Saturday, December 7, 2019

o tannenbaum

Yesterday the Christmas tree went up in our household.

Each year, I glance at the work it entails and think, do I want to do it? And each year - so far - I remember the endless hours of the lovely glow of it all through the day and night until bedtime and push myself to make the effort.

As I unpack the ornaments, one by one, I unpack my memories. The history of some elude me, but mostly they all have a past that is precious - ones the kids made in school, others from family, friends, colleagues - or ones that I bought myself, like Emily. Several years ago I happened to spot "Emily" in a Target bin and fell in love with her old-fashioned goodness. She's Anne of Green Gables, Pippi Longstocking, Understood Betsy all rolled up in one! And now she smiles from my tree each year.

 The ornaments are not only bridges to friends but to places where we lived - one from a hardware store in Kansas, some from the Conran's somewhere here in Northern VA, others from New York City, Tangier Island, on and on. They are like a little hello across the years, a small road map.

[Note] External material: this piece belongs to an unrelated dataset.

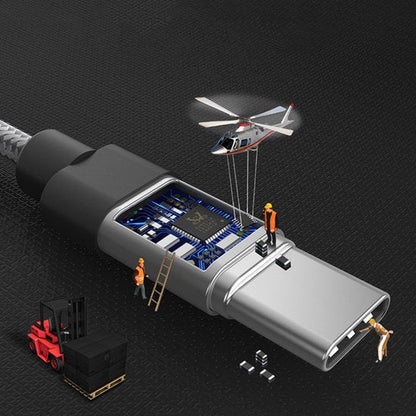 Miniatuurwerkers en helikopter werken samen aan een USB-C kabelchip in een creatieve scène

Perhaps I love the process so much because it's purely mine, not something handed down from my childhood as we seldom had a Christmas tree - lots of presents, candles glowing in the windows, the smell of baking cookies, music, but trees weren't a big part.

I remember our first year in Newfoundland when we were boarding with a sea captain's family. Our bedroom was small but we hiked into the woods out back and brought back a tiny tree and set it on our trunk. One of the family's teenage sons commented, "My dears, that is a some naked tree!" And so it was, but it was the beginning of our own tradition.

And that, in a word, is the beauty.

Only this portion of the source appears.